I've wanted to delete my little Ford 6.4's for years now. Every time I think I'm ready, some unexpected equipment expense takes away my spare money 
I notice that the local diesel shops now doing deletes are very carefully "screening" their potential customers and make them sign agreements that they will only use their trucks "off-road".

Then I got to thinking: if you use a "deleted" truck for 10 miles "off road", isn't it polluting the atmosphere just as much as if you drive it over the road for 10 miles???


----------



## mlappin (Jun 25, 2009)

JD3430 said:


> Then I got to thinking: if you use a "deleted" truck for 10 miles "off road", isn't it polluting the atmosphere just as much as if you drive it over the road for 10 miles???

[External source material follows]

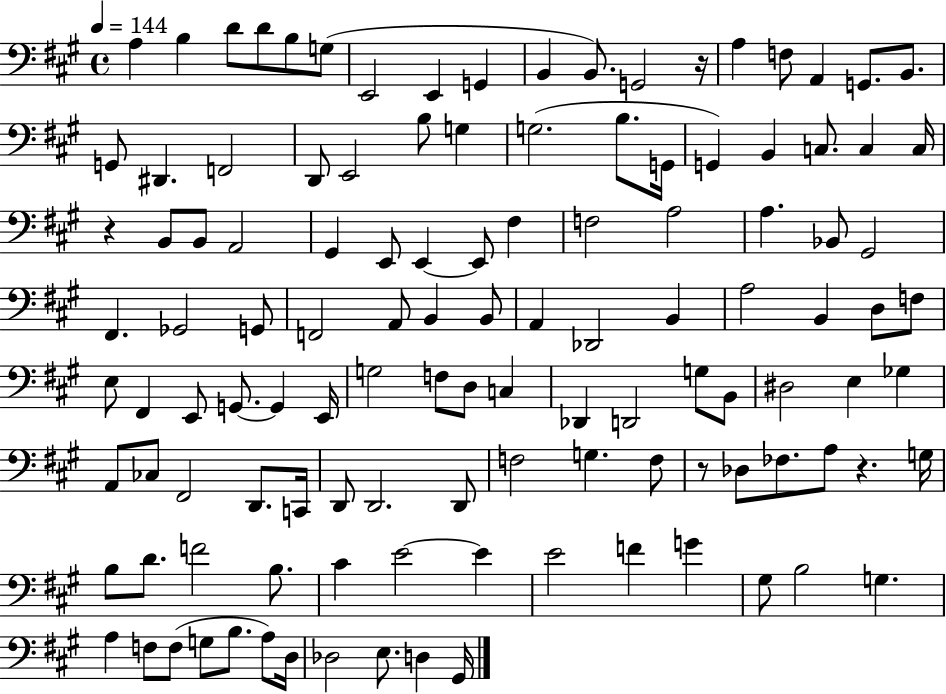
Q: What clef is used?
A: bass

True that, but most ain't gonna drive it off road for a hundred thousand.


----------



## Dan_GA (Dec 29, 2015)

My MF4710 doesn't have DPF so it also doesn't regen, and it was purchased last year. No way around the DEF in a new tractor that has useable HP.


----------



## hog987 (Apr 5, 2011)

JD3430 said:


> I've wanted to delete my little Ford 6.4's for years now. Every time I think I'm ready, some unexpected equipment expense takes away my spare money
> I notice that the local diesel shops now doing deletes are very carefully "screening" their potential customers and make them sign agreements that they will only use their trucks "off-road".
> 
> Then I got to thinking: if you use a "deleted" truck for 10 miles "off road", isn't it polluting the atmosphere just as much as if you drive it over the road for 10 miles???

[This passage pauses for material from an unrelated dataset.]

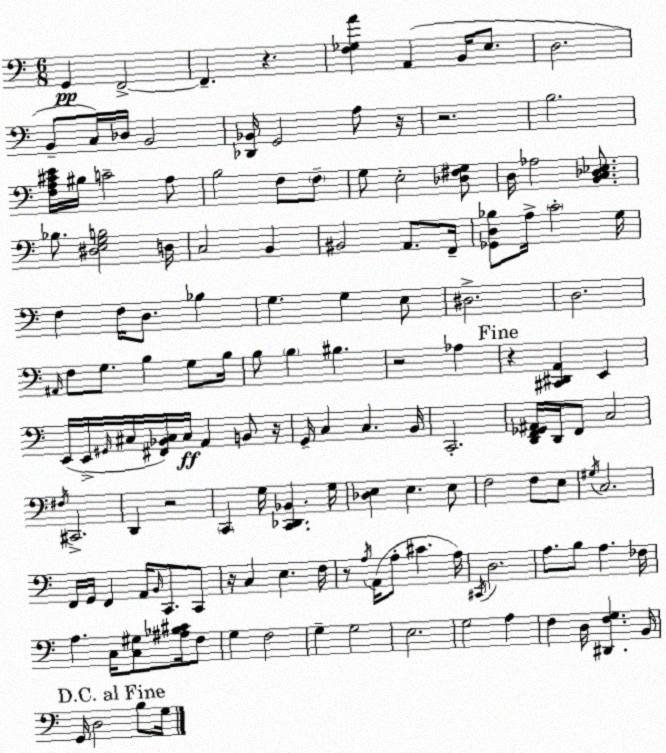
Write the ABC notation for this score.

I did the delete on mine beginning of april. The egr coolers were leaking anti freeze into motor. Was cheaper to get delete kit with one custom tune than to replace the egr coolers. And the price for the delete also included getting rid of exhaust filter.

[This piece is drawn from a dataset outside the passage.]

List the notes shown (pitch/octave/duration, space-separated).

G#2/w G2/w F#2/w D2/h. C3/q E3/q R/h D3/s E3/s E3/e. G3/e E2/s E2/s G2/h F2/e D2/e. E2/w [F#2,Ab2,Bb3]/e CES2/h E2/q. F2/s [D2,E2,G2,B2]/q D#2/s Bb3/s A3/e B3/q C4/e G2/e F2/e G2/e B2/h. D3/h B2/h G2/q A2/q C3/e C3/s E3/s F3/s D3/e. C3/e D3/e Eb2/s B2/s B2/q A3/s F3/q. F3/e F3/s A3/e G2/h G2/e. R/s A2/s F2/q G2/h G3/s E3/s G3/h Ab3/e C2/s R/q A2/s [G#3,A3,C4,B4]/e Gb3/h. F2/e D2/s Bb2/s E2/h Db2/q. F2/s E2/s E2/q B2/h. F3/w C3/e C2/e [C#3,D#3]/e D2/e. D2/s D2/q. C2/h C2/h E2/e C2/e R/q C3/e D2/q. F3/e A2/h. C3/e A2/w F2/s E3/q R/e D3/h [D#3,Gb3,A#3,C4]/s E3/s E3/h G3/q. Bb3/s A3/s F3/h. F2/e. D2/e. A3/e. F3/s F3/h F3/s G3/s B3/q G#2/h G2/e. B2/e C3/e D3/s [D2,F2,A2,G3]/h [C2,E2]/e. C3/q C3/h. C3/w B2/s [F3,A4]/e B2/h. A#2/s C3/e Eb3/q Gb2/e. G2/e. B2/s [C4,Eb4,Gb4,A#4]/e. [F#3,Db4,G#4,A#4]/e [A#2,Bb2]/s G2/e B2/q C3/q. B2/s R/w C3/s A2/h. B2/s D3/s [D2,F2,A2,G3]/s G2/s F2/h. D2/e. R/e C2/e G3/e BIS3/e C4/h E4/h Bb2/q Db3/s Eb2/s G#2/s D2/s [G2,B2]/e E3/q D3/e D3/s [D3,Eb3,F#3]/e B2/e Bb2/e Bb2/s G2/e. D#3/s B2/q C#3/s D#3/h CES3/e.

Wow it sure woke the truck up. Loads more power and less fuel to boot.


----------



## JD3430 (Jan 1, 2012)

hog987 said:


> I did the delete on mine beginning of april. The egr coolers were leaking anti freeze into motor. Was cheaper to get delete kit with one custom tune than to replace the egr coolers. And the price for the delete also included getting rid of exhaust filter.
> Wow it sure woke the truck up. Loads more power and less fuel to boot.


Please extrapolate. Either here or on PM to avoid hi-jacking.
So little info on 6.4 delete. 
All I want to know is if there's any downside. I know the upside...mostly


----------



## slowzuki (Mar 8, 2011)

Downsides? Emissions go back up. Pick a good tuner as a bad one will cook your motor as in head gaskets.


----------